This question of who is recording an individual’s information initially is key because:
[T]he individual must occasionally transact business with other people. When he does so, he leaves behind, as evidence of his activity, the records and recollections of others. He cannot expect that these activities are his private affair. To the extent an individual knowingly exposes his activities to third parties, he surrenders Fourth Amendment protections, and, if the Government is .subsequently called upon to investigate his activities for possible violations of the law, it is free to seek out these third parties, to inspect their records, and to probe their recollections for evidence.
Reporters Comm. for Freedom of Press v.

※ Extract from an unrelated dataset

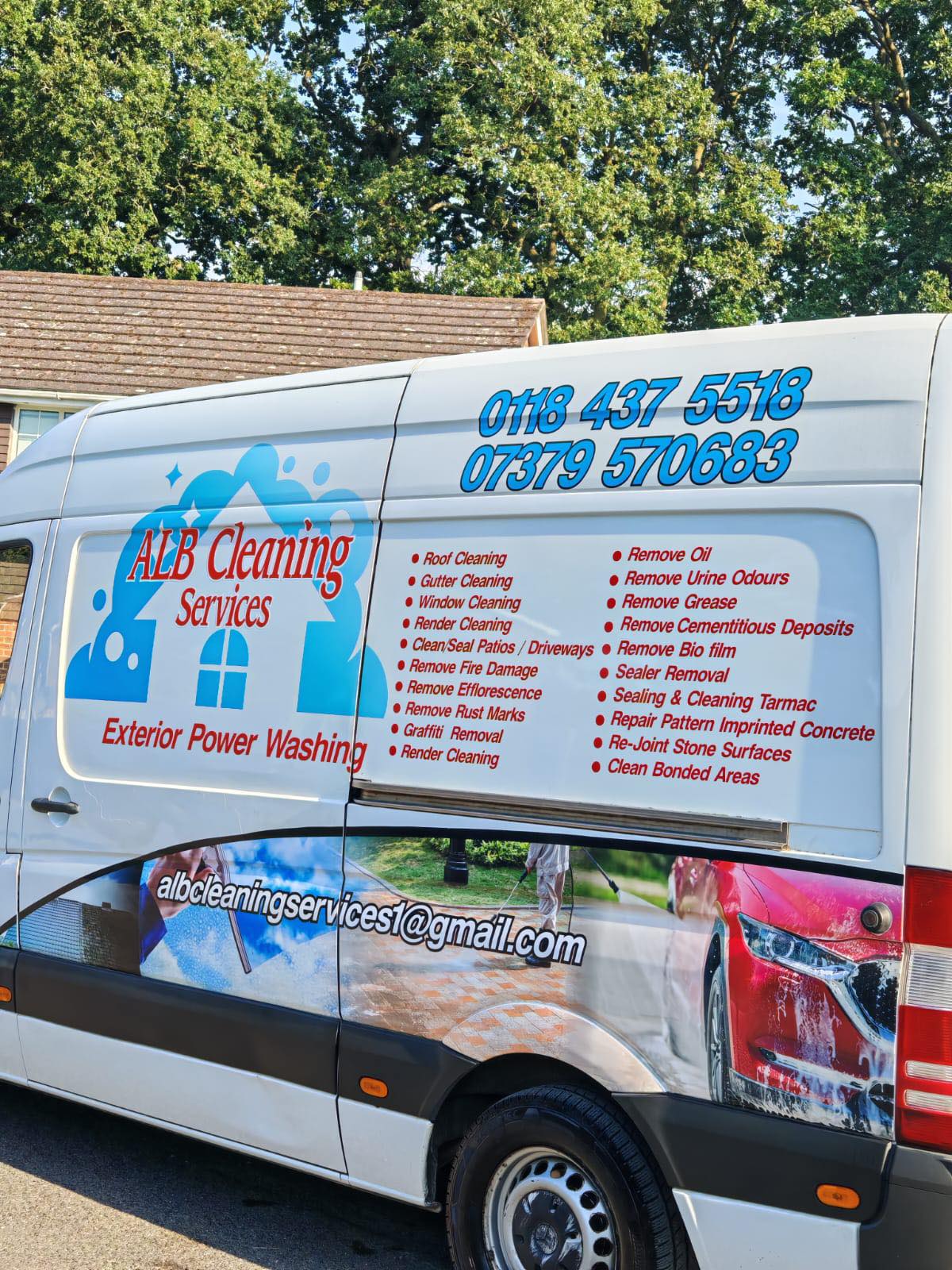 ALB Cleaning Services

Am. Tel. & Tel. Co., 593 F.2d 1030, 1043 (D.C.Cir.1978). Moreover, “[t]he fortuity of whether or not the [third party] in fact elects to make a quasi-permanent record” of information conveyed to it “does not ... make any constitutional difference.” Smith, 442 U.S. at 745, 99 S.Ct. 2577. The third party can store data disclosed to it at its discretion. And once an individual exposes his information to a third party, it can be used for any purpose, as “[i]t is established that, when a person communicates information to a third party even on the understanding that the communication is confidential, he cannot object if the third party conveys that information or records thereof to law enforcement authorities.” SEC v. Jerry T. O’Brien, Inc., 467 U.S. 735, 743, 104 S.Ct. 2720, 81 L.Ed.2d 615 (1984) (emphasis added).11
*611The Government does concede that the subpoenaed third party must have possession of — the right to control — the records before officials can require it to turn them over. The Government, therefore, distinguishes eases where a landlord or hotel manager merely has the right to enter the apartment or room of another. The Government acknowledges that “the government may not subpoena the landlord to produce the tenant’s personal papers from her apartment.” However, it contrasts these situations from the one presented in United States v. Miller, 425 U.S. 435, 96 S.Ct. 1619, 48 L.Ed.2d 71 (1976). In Miller, the Court rejected a bank depositor’s Fourth Amendment challenge to a subpoena of bank records because, as the bank was a party to the transactions, the records belonged to the bank. Id. at 440-41, 96 S.Ct. 1619 (“[T]he documents subpoenaed here are not respondent’s private papers.... [Respondent can assert neither ownership nor possession. Instead, these are the business records of the bank[ ].... [They] pertain to transactions to which the bank was itself a party.” (citation and internal quotation marks omitted)).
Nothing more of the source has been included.